O processo não termina na dessalinização.
A água usada nos hotéis e residências passa por um tratamento complexo em estações de tratamento de águas residuais (ETARs), sendo posteriormente reutilizada para irrigação e, mais recentemente, também para a agricultura.
“É água residual tratada através de nove processos hidráulicos e reutilizada. Tem todas as características para ser utilizada na irrigação”, garante.
Desde 2018, Cabo Verde conta com uma regulamentação própria sobre a qualidade da água reutilizada, o que permitiu à APP ir mais longe, produzindo inclusive água com qualidade quase potável para culturas hortícolas e frutíferas, já em uso na ilha do Sal.
Expansão progressiva e serviços públicos complementares
Apesar de ter nascido ao serviço da indústria hoteleira, a APP estendeu depois os seus serviços a outros segmentos da sociedade, em parceria com a Electra. Esta colaboração tem sido essencial para colmatar falhas na cobertura de água em zonas urbanas em rápida expansão.
“A ilha do Sal cresce muito rapidamente e também é impossível manter o ritmo de crescimento das áreas urbanas, então nós chegamos lá, em complemento com a Electra, com camiões autotanque”, refere Damià Pujol.
Além disso, a subsidiária APP Ambiente tem um papel central no tratamento e reaproveitamento das águas residuais. A empresa actua também nas localidades da Palmeira, Pedra de Lume, Espargos e Santa Maria, procurando antecipar-se ao crescimento urbano e garantir cobertura total em zonas em desenvolvimento.
Mais do que água: energia renovável e mobilidade eléctrica
A necessidade de electricidade para alimentar os processos de tratamento de água levou a APP a investir no sector energético.
“Aprofundámos ou reforçámos os investimentos em energias renováveis, mas não só, também na eficiência energética, na geração distribuída e na mobilidade eléctrica”, explica o director-geral da empresa.
A mobilidade eléctrica, apesar de ainda ter pouco relevo em Cabo Verde, é também uma das apostas que o grupo tem vindo a fazer ao longo dos últimos anos.
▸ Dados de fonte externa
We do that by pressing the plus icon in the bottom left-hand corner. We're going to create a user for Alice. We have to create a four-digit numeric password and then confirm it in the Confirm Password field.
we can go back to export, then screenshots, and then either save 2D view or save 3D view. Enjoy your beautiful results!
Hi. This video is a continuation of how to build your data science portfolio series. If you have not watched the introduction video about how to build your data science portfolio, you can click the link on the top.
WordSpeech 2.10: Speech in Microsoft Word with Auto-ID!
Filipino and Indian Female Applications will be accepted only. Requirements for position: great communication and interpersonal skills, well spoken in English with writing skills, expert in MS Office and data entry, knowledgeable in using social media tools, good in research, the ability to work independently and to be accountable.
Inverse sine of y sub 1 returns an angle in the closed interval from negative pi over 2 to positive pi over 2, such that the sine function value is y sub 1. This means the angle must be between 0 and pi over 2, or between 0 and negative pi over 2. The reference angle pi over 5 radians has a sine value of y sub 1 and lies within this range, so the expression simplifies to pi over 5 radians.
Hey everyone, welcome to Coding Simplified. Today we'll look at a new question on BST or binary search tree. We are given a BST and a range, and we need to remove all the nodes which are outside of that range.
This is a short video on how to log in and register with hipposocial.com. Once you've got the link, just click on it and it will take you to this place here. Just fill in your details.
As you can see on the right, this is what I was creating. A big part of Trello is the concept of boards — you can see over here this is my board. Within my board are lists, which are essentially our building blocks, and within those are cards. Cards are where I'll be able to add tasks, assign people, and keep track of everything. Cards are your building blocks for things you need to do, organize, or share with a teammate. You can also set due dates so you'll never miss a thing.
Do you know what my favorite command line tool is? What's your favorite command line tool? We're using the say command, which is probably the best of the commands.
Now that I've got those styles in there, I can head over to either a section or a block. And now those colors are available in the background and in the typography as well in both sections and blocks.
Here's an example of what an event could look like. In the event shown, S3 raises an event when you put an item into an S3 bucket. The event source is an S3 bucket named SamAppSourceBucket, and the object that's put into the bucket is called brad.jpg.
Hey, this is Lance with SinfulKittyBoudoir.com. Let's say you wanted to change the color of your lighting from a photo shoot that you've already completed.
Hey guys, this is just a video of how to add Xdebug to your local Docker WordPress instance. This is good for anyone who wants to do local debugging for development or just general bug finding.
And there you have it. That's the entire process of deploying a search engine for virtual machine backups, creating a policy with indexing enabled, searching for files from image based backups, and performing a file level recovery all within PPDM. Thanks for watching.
Damià Pujol explica que a visão é clara: promover viaturas eléctricas abastecidas com energia proveniente de fontes renováveis, alinhando-se com os objectivos nacionais de independência energética.
“Já temos casos de localidades no meio rural, como Santo Antão e São Nicolau, que são 100% renováveis”, destaca.
Desafios permanentes: insularidade, tecnologia e burocracia
Questionado sobre as principais dificuldades enfrentadas pela empresa, Damià Pujol aponta a insularidade como o maior entrave.
“A logística é a de um país pequeno, os transportes são caríssimos, porque a dimensão é reduzida, não há grandes portos, não há grandes porta-contentores que venham aqui e consigam reduzir o preço [dos produtos importados]”, lamenta.
Outro desafio constante é a manutenção de infraestruturas tecnológicas em locais isolados.
“Sempre falha alguma coisa, por muita manutenção preventiva que nós façamos”, diz. Exemplo disso foi um problema recente em Porto Novo, onde todos os camiões da empresa avariaram ao mesmo tempo, comprometendo temporariamente o abastecimento de água numa zona sem rede fixa.
Além disso, a burocracia é outro obstáculo, “embora não exclusivo de Cabo Verde. A burocracia está em todo o lado”, comenta.
Presença nacional e expansão
Para além do Sal, a APP tem vindo, ao longo dos anos, a alargar as suas operações para outras ilhas.
Em Santiago, a empresa gere a ETAR do Aeroporto Internacional Nelson Mandela.
Em Santo Antão, está envolvida na produção e gestão de água e saneamento numa parceria público-privada com as câmaras municipais da ilha.
Há também planos para expandir a sua actuação para as ilhas do Maio, São Nicolau e Boa Vista. “Estamos a trabalhar neste cenário”, revela Pujol, adiantando que a empresa quer acompanhar o crescimento do país com investimentos estruturais.
Investimentos em curso e visão de futuro
O futuro da APP passa por continuar a investir fortemente em infraestruturas hidráulicas e energéticas.
A empresa, explica o seu director-geral, está já a projectar uma nova expansão da ETAR de Santa Maria – a quarta fase – prevista para 2026, devido à construção de novos grandes hotéis. “Nesta área, é preciso trabalhar em antecipação, antes do tempo”, diz.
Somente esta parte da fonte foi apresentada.